- Aim of the task
Leave out the lines before the one with "Cape Coral Home 983162"; output that line and all remaining lines of the records exactly.

Stored data entries:
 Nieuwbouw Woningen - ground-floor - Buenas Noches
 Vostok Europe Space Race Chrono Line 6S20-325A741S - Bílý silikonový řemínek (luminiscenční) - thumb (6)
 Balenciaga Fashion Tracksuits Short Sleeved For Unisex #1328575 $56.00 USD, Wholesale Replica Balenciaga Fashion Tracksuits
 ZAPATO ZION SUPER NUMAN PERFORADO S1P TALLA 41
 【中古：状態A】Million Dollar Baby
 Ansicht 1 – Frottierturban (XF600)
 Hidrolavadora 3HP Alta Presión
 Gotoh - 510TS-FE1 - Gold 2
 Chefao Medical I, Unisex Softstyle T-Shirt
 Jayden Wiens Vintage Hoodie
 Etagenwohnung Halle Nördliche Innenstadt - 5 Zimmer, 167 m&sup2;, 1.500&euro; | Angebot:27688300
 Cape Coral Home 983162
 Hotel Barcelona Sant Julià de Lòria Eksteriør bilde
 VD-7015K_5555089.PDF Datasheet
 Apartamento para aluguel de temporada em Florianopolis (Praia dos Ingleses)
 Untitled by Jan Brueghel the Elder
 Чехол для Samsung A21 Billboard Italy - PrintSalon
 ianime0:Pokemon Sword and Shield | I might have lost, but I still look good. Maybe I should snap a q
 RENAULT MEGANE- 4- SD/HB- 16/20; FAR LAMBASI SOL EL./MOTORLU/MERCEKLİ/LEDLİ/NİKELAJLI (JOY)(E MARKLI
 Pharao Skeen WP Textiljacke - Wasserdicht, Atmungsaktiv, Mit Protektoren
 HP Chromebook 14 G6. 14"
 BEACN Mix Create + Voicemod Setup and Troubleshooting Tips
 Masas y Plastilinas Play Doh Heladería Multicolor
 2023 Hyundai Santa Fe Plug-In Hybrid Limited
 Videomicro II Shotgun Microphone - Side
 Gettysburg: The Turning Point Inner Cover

- Response box
 Cape Coral Home 983162
 Hotel Barcelona Sant Julià de Lòria Eksteriør bilde
 VD-7015K_5555089.PDF Datasheet
 Apartamento para aluguel de temporada em Florianopolis (Praia dos Ingleses)
 Untitled by Jan Brueghel the Elder
 Чехол для Samsung A21 Billboard Italy - PrintSalon
 ianime0:Pokemon Sword and Shield | I might have lost, but I still look good. Maybe I should snap a q
 RENAULT MEGANE- 4- SD/HB- 16/20; FAR LAMBASI SOL EL./MOTORLU/MERCEKLİ/LEDLİ/NİKELAJLI (JOY)(E MARKLI
 Pharao Skeen WP Textiljacke - Wasserdicht, Atmungsaktiv, Mit Protektoren
 HP Chromebook 14 G6. 14"
 BEACN Mix Create + Voicemod Setup and Troubleshooting Tips
 Masas y Plastilinas Play Doh Heladería Multicolor
 2023 Hyundai Santa Fe Plug-In Hybrid Limited
 Videomicro II Shotgun Microphone - Side
 Gettysburg: The Turning Point Inner Cover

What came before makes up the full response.